* What needs to be done
The word "Plug" may appear in some lines of the data; copy every such line.
[[ Record extracts open ]]
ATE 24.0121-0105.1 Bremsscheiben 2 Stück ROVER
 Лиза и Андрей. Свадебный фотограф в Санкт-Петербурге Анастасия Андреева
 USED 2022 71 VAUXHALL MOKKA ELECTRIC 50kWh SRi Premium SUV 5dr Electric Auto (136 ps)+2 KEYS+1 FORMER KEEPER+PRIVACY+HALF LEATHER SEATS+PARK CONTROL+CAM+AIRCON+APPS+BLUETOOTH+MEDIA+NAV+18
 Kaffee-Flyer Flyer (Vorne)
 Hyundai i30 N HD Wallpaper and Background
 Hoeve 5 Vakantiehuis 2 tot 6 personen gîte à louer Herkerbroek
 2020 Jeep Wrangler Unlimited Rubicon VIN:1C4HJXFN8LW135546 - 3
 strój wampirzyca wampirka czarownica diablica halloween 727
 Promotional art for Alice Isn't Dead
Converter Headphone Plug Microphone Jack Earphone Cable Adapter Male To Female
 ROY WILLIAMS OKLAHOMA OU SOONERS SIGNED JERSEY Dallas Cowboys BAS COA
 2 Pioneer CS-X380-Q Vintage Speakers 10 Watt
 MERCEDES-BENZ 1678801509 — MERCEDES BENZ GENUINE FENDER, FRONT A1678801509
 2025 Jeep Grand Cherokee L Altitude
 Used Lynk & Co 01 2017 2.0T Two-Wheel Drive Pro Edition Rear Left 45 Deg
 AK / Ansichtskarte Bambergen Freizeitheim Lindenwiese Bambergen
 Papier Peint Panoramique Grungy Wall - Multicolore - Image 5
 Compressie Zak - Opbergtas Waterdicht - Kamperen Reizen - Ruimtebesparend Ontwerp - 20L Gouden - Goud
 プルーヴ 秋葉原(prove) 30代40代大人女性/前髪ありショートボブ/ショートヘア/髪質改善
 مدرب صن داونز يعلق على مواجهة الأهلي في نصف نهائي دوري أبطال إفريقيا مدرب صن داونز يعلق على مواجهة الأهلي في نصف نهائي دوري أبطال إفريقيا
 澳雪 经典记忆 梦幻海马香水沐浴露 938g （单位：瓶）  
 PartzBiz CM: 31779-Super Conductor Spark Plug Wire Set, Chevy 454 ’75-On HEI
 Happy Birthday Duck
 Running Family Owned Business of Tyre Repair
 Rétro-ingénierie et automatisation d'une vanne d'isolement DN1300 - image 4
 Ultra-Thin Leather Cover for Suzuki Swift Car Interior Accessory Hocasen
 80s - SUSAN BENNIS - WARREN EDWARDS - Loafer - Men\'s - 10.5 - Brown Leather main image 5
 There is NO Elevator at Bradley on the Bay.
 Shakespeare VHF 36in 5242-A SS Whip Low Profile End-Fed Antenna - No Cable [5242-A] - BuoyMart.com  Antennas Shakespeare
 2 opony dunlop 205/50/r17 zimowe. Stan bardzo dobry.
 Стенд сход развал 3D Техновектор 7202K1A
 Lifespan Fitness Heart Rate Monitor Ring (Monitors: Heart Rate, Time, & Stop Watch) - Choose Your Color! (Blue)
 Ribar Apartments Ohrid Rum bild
[[ Record extracts closed ]]
* Solution to the problem
Converter Headphone Plug Microphone Jack Earphone Cable Adapter Male To Female
 PartzBiz CM: 31779-Super Conductor Spark Plug Wire Set, Chevy 454 ’75-On HEI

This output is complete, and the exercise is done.